‘Bir başkasını son noktada, bizim ihtiyaçlarımızı karşılamaya aday olduğu için severiz. Sevgi bu anlamda bencilliktir’ diye tarif edilen cümle hepimizin malumudur. Bu cümle aynı anda hem doğru hem yanlış diğer yandan ne doğru ne yanlıştır. Zira bencillikten Ötekini sevmeye giden yol, kaba indirgemelere izin veremeyecek kadar incelikli ve çetrefillidir.
Canlıların tasnif edilmesi açısından değerlendirdiğimiz zaman, hiç şüphesiz insan, evrimsel süreçte ortaya çıkmış tüm primatlar içinde en gelişmiş beyin örgütlenmesine sahip hayvandır. Fizyolojik açıdan kısıtlılıklarını, ona kültürel devriminde kapılarını açacak olan aklı ve teknolojik becerileriyle telafi eder. Bu anlamda kendi sağ kalım ihtimalini sürekli artırarak, tarih denen sahneyi kurabilecek olan canlı haline gelir.
Tarih, insan eylemlerinin yaratısı ve onun anlatısıdır. İster toplumları isterse bireyleri düşünelim, tarihsellikten bağımsız bir var kalma, var olma mümkün olamaz. Var olan her Varlık bir tarihsel öykünün sonucu ve aynı zamanda üreticisidir. Bu mesele çok uzun zaman sonra insanın gündemine Varlık, Varoluş meselesi olarak gelecektir.
İnsanın tarihselliği daha o ortada yokken, ebeveynleri tarafından düşlendiği andan başlayarak, dünyaya gelişi ile kurulur. Dünyaya dahil olan insan yavrusu ilk başta evrimsel süreçlerin dili olan içgüdülerin dilinden konuşur. Temel ihtiyaçlarının (açlık, susuzluk, sükûnet arayışı vb.) tatmini, onun açısından kaçınılmaz, elzem bir önceliktir. Ağlaması dahi bir acı, ıstırap ve üzüntüyü değil, bakım vereni göreve davet eden bir çağrı sinyali olarak kabul edilir.

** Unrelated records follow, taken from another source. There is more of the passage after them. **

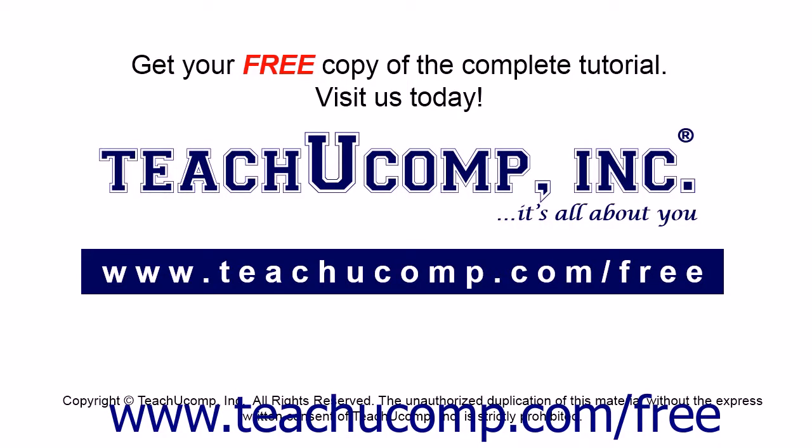Get your free copy of the complete tutorial at www.teachucomp.com forward slash free.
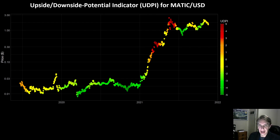Hello everyone, welcome back to Upside Down Data. Today I want to talk about a new risk indicator we just launched for Polygon and its native token Matic.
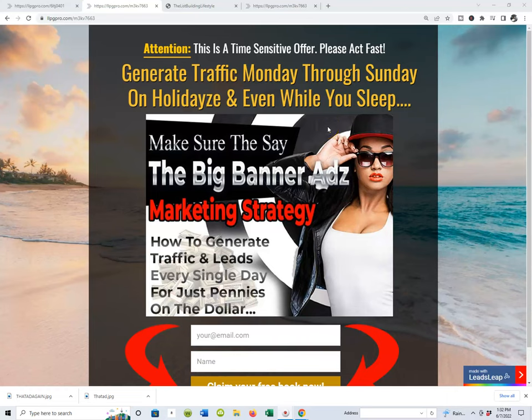In this video I'm going to be talking about a simple strategy that I've been using to generate traffic and leads every single day, and how you can use the exact same strategy. We're going to be talking about my big banner ads marketing strategy and how to generate traffic Monday to Sunday, on holidays, and even while you sleep.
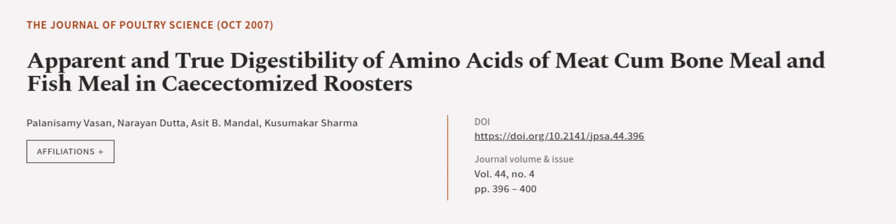This article was authored by Polina Sami Vasan, Narayan Dutta, Asit B. Mundal and others.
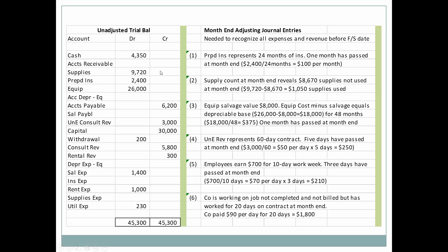We'll also look at supplies. We're treating supplies as an asset, saying that they're going to benefit future periods. The supply count at month end reveals $8,670 worth of supplies that have not been used. Our unadjusted supply balance is $9,720. So if we take the general ledger amount and subtract out the count, this means that $1,050 worth of supplies must have been used during the month.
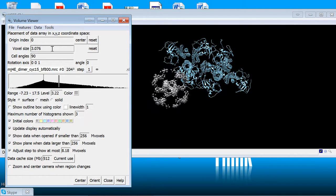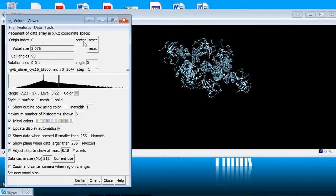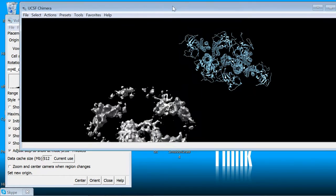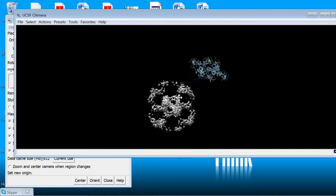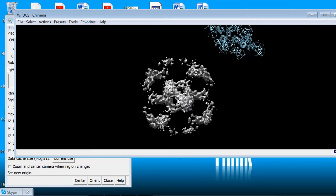So for this map it's 3.076 angstroms per pixel and hit enter and you saw the map jumped off the screen. So it's not always necessary to center it but it keeps things simple. So if you hit the center button then what it does is it changes the origin and the cell angles within the header so there's no resampling actually going on to put the map in the center of the volume.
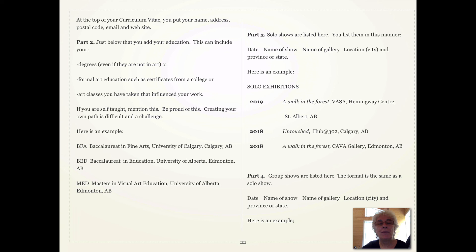At the top of your Curriculum Vitae, you should put your name, address, postal code, email, and website. This is essential. You put it all together in one section.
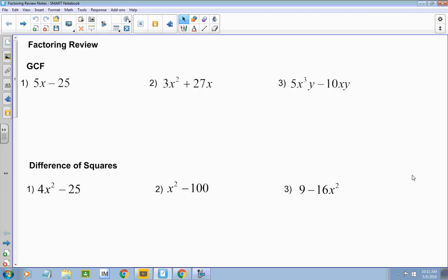Today we're going to talk about how to factor. One of the first things you've always got to remember to do is to look for a common factor. So you pull out what's common, then you look at what's left and determine if it can be factored.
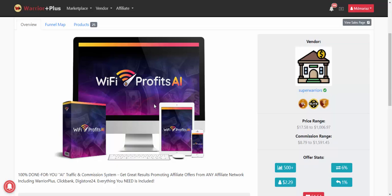launching software WiFi Profit AI. Now let's see this review. 100% done for you AI traffic commission system. Get great results promoting affiliate offers from any affiliate network including WarriorPlus, ClickBank, Digistore24, everything you need is included.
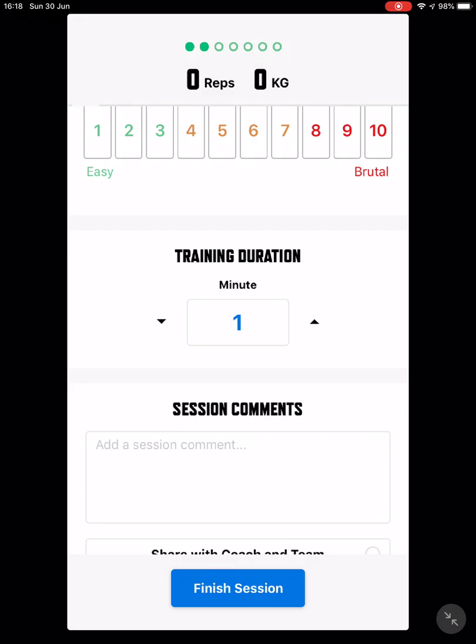Add any additional comments — things you like, things you don't like, things you want to see more or less of. The more feedback we have, the better workouts we can give you. So take a few moments and fill this out at the end; it won't take very long and your workouts will get better as a result. Let me know if you have any questions and I look forward to speaking with you soon — have a good day, cheers.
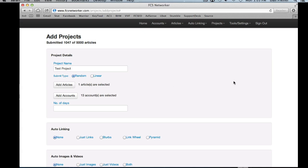And that's basically it for the project details. It's not too complicated — I just wanted to make sure you had a good understanding of some of the more confusing parts of these settings.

Yaşamın ilk aylarında yavru için sadece dürtülerin doyurulması, homoestasise ulaşma, dengenin bozulması ve yeniden çağrı çevrimi vardır. Dünyaya dair deneyimler, henüz nörolojik gelişim uygun olmadığından, bildiğimiz anlamda temsiller değil de çeşitli duygulanım adacıkları ve bedensel kayıtlar olarak işlenir. Bu kayıtların nasıl bir temsil evrenine, hangi biçimde taşınıp işleneceği ise ebeveynle çocuk arasındaki, ilişkisel alanda tayin olacaktır.
Adım attığı bu kaotik dünyada önünde muazzam bir görev durmaktadır. İçgüdülerinin sonsuz ve bedelsiz biçimde doyurulduğu o karnavaldan feragat edip, ebeveynlerin temsil ettiği ‘Dünya’ adı verilen simgesel düzene dahil olabilmek adına onların uygarlık şantajını kabul etmesi gerekmektedir.
Bu görev en kaba anlamıyla, bebek-çocuğun biyolojik varlık oluştan kültür varlığı olmaya geçişidir. İşte tam bu noktada gövdesinde çalışan evrimsel emirlerin tersine, sevgi, onay, kabul uğruna akıntıya karşı mücadelesi başlayacaktır. Bu mücadele gönüllü seçilmediği için uygarlaşmaya doğru yol almaya çalışan taraf kadar, onu dürtülerin emirlerine itaat etmeye geri çağıran virajlar da olacak, içindeki bu savaş muhtemelen ilanihaye çeşitli seviyelerde sürecektir.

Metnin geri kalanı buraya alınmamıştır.